What Is Microphone Gain? – The Ultimate Guide

Martin Kristiansen

Martin Kristiansen

My name is Martin Kristiansen and I’m the founder and chief editor of HomeStudioIdeas.com. I’ve been playing, recording and producing music for the last 10 years.

Microphone gain is an important factor to consider when recording audio. Actually, adjusting gain is the first key step before you hit the record button. The amount of amplification that is applied to a microphone signal is used to adjust the level of the signal that is sent to a recorder. Too much gain can lead to distortion, while too little gain can result in a weak signal. This blog post covers everything you need to know about mic gain!

Let’s Start With The Basics

Before we dig into what microphone gain is, there are some basics we need to understand. More specifically, what sound is. I’m not a physicist, so I won’t go into heavy detail. But to simplify, sound is all about vibrations in the air.

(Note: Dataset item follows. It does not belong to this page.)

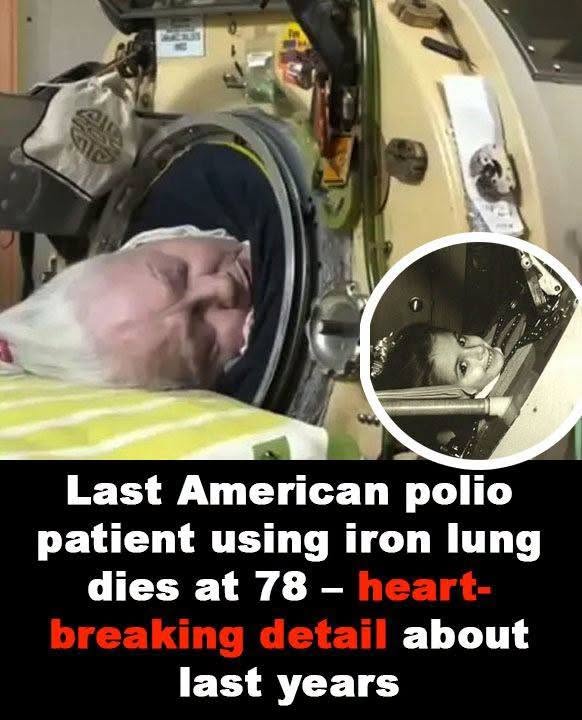Last American polio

Three things vibrate when sound is created:

  • The sound source
  • The molecules in the air (or another medium e.g. water)
  • The eardrum
sound waves

As an example, when you hit a snare drum it starts to vibrate, making nearby molecules vibrate. They start bumping into their neighbor molecules, causing them to vibrate as well. If the vibrations are strong enough, they will be traveling through the air until they eventually reach your eardrum. When these vibrating molecules bump into your eardrum, it also starts to vibrate.

There are two important elements of the vibration: frequency and amplitude. The frequency is how fast the wave vibrates, and the amplitude is the size of the vibration. The higher the frequency, the higher-pitched the sound will be. Larger amplitude equals louder sound.

Amplitude is what’s relevant when we’re discussing microphone gain. When we increase or decrease the gain, we’re adjusting the amplitude.

So why is this important? By applying microphone gain you increase the size of the sound wave, making it louder.

But the most important thing is you’re also boosting the mic level to line level. This makes the audio signal compatible with professional-level audio equipment. We will talk more about how you apply microphone gain in an upcoming section.

Mic Level And Line Level

Every beginner has plugged in their microphone and started recording, and then wondered why the volume is so low. So what do you do? You increase the volume at the system’s output just to realize it has a ton of noise in it.

Why? You see, microphones record at what is called mic-level. To get a clean recording of your microphone, the low mic level signal needs to be boosted to line level.

Mic level

Microphone (mic) level is the voltage or signal of a microphone. This signal is usually around 1-5 millivolts (mV), while line-level is around 600-1,000 millivolts (mV). To make it useful, the mic level needs to be amplified to line level with the help of a preamplifier.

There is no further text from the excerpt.